The Exchange intends for the CBSX system (it's the same system as
the current system--just a new name) to automatically route marketable
non-IOC orders to other market centers when CBSX is not the NBBO and no
market-makers have stepped up to match the NBBO. This routing logic is
contained in the CBSX trade engine, and CBSX would use an unaffiliated
routing broker pursuant to an agreement to transmit orders on CBSX's
behalf to better-priced protected quotations consistent with Regulation
NMS. The handling and routing would all be done electronically by the
CBSX system without any manual intervention. As far as the opening, the
Exchange proposes to eliminate a DPM's agency obligation to manually
execute orders in connection with the opening print on the primary
market by changing the time in which CBSX will open. CBSX would enter
an open state at 8:15 a.m. Chicago time (before the primary market
openings). The opening would be automatically performed by the system.
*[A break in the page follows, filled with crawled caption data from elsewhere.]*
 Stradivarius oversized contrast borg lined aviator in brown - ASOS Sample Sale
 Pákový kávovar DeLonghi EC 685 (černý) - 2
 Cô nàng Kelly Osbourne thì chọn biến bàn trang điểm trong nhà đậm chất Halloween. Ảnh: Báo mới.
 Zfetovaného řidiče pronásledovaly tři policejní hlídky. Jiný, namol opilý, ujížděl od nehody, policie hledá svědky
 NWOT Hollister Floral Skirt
That is, the CBSX system would automatically execute pre-opening orders
at a price that allows the greatest number of pre-opening shares to
trade. This would allow customers that are interested in an
[[Page 1351]]
opening execution on CBSX to obtain one without CBSX needing to
obligate DPMs to guarantee the opening price on the primary market.
b. CBSX Floor Post
The current stock trading system is purely electronic. CBSX also
would be purely electronic in that all trades on CBSX must be effected
electronically; however, CBSX would utilize a space on the Exchange's
trading floor for price discovery purposes (the ``CBSX Floor Post'').
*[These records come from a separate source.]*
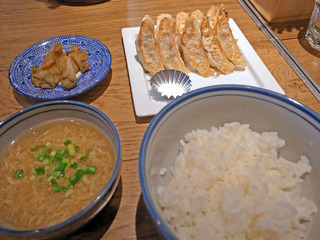 far17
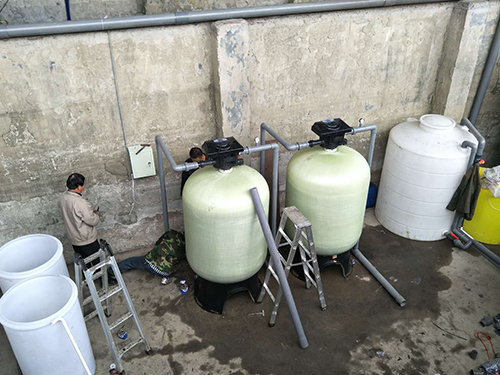 如何处理自动北京软化水设备中的树脂“撞击”问题？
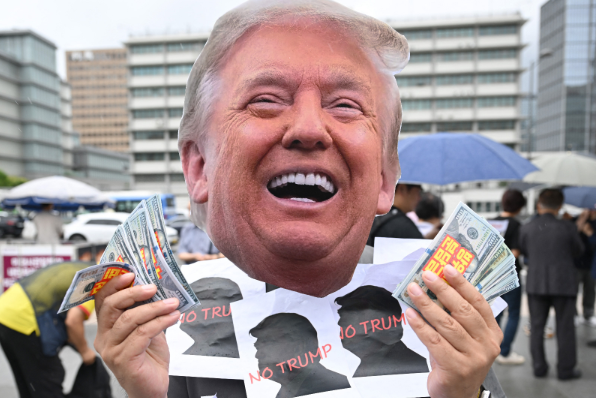 Poll: Majority of Americans Oppose Trump's Military Action Against Iran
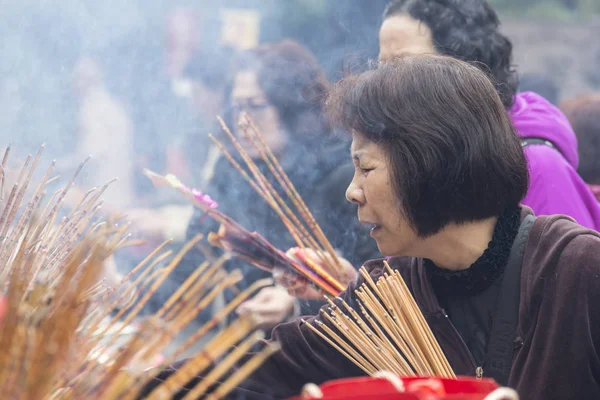 Hong Kong, Ocak 2017. Hong Kong Wong Tai tapınak tütsü sopa aydınlatma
CBSX DPMs will be required to staff the CBSX Floor Post and respond to
price discovery inquiries from brokers. All orders entered at the CBSX
Floor Post would be handled and executed in the exact same manner as
orders entered from any other location. The CBSX Floor Post would be
located near the Exchange's index options pits in a location that is
generally isolated from the equity options trading posts. The Exchange
is hopeful that the CBSX Floor Post would be a valuable resource for
CBOE floor brokers to inquire about depth of liquidity on CBSX (e.g.,
CBOE brokers often represent complex orders that contain a stock
component and could seek to execute the stock component on CBSX).
c. Order Types
The Exchange also proposes to adopt several new order types in
connection with the CBSX launch. Specifically, CBSX would offer Reserve
Orders, Middle Market Cross Orders, Cross Only Orders, and Cross and
Sweep Orders.
A Reserve Order is a limit order in which the order originator
designates a portion of the order for display and dissemination (the
``display amount'') and designates a portion of the order in
``reserve.'' A reserve portion is not displayed but is available for
execution against incoming orders. Reserve Orders would be last in
priority (except that most contingency orders are behind Reserve Orders
in priority). Between Reserve Orders at the same price, priority would
be afforded utilizing the matching algorithm in effect for the stock.
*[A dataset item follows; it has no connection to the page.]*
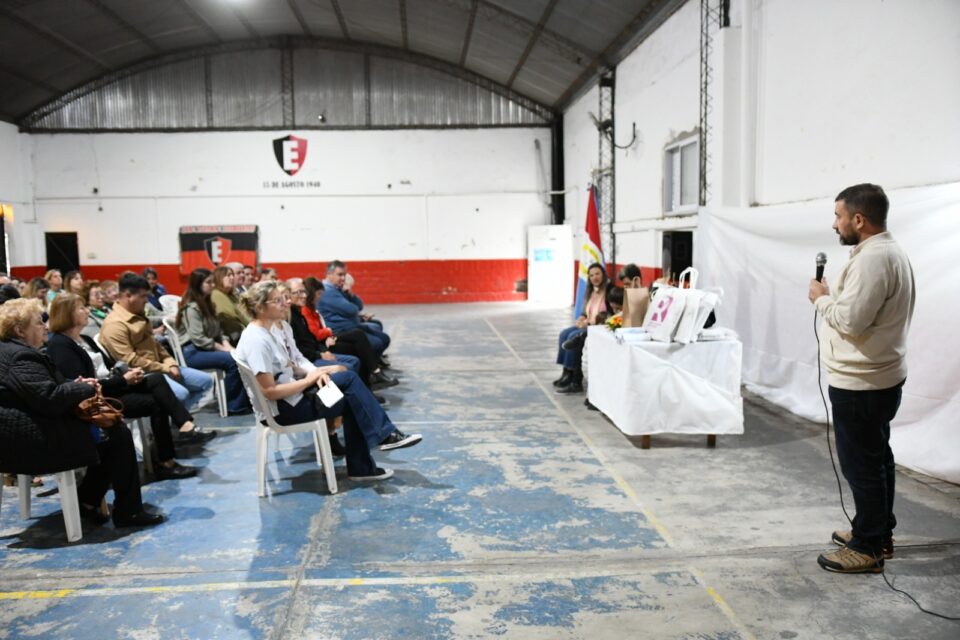 Colación de nuevos médicos especialistas del Hospital «Doctor Jaime Ferré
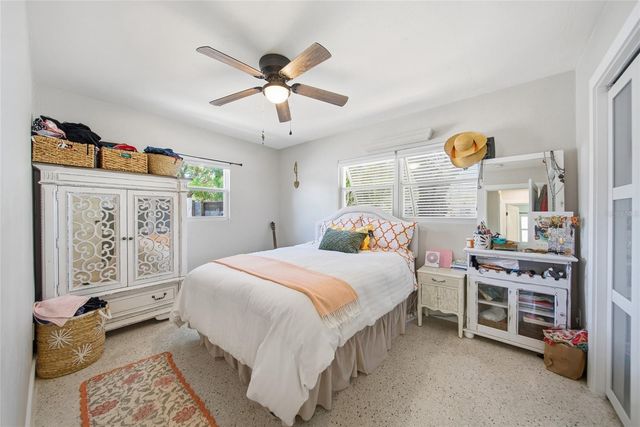 5548 CEDAR STREET NE, St Petersburg, FL 33703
If, after an execution against a Reserve Order, a quantity remains on
the Reserve Order, the quote would be refreshed to disseminate the
display amount while any remaining balance would be retained in
reserve.
A Middle Market Cross Order is an order submitted to trade at the
midpoint of the NBBO. It must always be submitted with a contra order
for the same size and could be entered only when the bid price for the
stock is $1 or greater. Further, these orders could be executed in
increments as small as \1/2\ the minimum quoting increment established
under CBSX rules. If a Middle Market Cross Order is submitted after
CBSX is open but before other markets are open (e.g., 8:20 a.m. Chicago
time) the order would execute at the midpoint of the best bid and offer
among market centers that are open and disseminating quotes (or just
the CBSX midpoint if CBSX were the only market center open). A member
would be prohibited from entering a Middle Market Cross Order as
principal buyer (seller) if the NBBO spread is one cent wide and that
member was an agent for any customer order resting at the prevailing
NBBO bid (offer). This provision is meant to preclude a member from
trading as principal at a price that is less than one cent better than
a price expressed by a customer of that member to which the member has
a fiduciary obligation.
A Cross Only Order is an order that may only be executed against
another Cross Only Order for the same size and price. These orders
could be entered only at or between the NBBO, and when entered at the
CBSX BBO, only when the terms of the orders meet the crossing
parameters set forth in proposed CBSX Rule 52.11 relating to priority
for crosses at the CBSX's disseminated market price.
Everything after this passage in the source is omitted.